-- Provided records follows --

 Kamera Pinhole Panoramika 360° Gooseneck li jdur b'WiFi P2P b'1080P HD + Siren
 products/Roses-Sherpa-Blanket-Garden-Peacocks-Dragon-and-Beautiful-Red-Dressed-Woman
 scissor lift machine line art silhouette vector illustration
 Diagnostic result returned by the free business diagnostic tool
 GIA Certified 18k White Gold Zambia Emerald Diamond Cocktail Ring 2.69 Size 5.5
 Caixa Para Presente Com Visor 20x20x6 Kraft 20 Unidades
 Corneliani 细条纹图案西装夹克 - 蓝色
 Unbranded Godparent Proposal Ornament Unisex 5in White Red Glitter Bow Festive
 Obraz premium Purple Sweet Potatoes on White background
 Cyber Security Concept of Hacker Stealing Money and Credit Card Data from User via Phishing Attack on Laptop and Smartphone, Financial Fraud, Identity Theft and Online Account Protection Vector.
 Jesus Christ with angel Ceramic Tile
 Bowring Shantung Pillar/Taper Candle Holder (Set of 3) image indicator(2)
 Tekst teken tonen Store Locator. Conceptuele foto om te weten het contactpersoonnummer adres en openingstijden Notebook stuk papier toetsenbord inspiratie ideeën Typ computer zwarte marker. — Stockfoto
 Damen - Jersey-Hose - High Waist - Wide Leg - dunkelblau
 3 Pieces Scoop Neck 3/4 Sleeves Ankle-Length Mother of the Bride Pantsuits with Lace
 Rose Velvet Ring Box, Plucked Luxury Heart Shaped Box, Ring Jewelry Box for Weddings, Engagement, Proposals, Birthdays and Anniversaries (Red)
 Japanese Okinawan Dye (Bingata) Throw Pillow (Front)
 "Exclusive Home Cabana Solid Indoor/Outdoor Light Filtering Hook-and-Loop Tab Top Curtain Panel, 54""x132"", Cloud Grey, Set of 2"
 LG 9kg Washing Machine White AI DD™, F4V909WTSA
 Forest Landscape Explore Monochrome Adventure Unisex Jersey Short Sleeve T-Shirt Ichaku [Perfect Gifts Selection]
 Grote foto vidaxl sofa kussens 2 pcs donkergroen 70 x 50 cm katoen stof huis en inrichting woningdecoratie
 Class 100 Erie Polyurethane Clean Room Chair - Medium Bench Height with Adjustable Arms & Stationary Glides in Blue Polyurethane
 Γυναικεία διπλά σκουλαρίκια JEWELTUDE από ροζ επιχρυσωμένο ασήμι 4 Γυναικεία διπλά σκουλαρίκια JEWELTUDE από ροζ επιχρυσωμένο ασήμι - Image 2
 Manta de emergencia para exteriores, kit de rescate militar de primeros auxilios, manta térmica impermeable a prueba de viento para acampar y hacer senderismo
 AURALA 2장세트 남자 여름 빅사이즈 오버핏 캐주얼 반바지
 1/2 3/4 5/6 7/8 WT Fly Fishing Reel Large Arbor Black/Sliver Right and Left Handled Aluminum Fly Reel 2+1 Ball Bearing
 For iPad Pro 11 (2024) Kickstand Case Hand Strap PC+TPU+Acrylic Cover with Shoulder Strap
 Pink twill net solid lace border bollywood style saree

-- Provided records concluded --

## How to complete this task
Every line in the entries above that has the word "Unisex" should be identified and copied.

## Task result
 Unbranded Godparent Proposal Ornament Unisex 5in White Red Glitter Bow Festive
 Forest Landscape Explore Monochrome Adventure Unisex Jersey Short Sleeve T-Shirt Ichaku [Perfect Gifts Selection]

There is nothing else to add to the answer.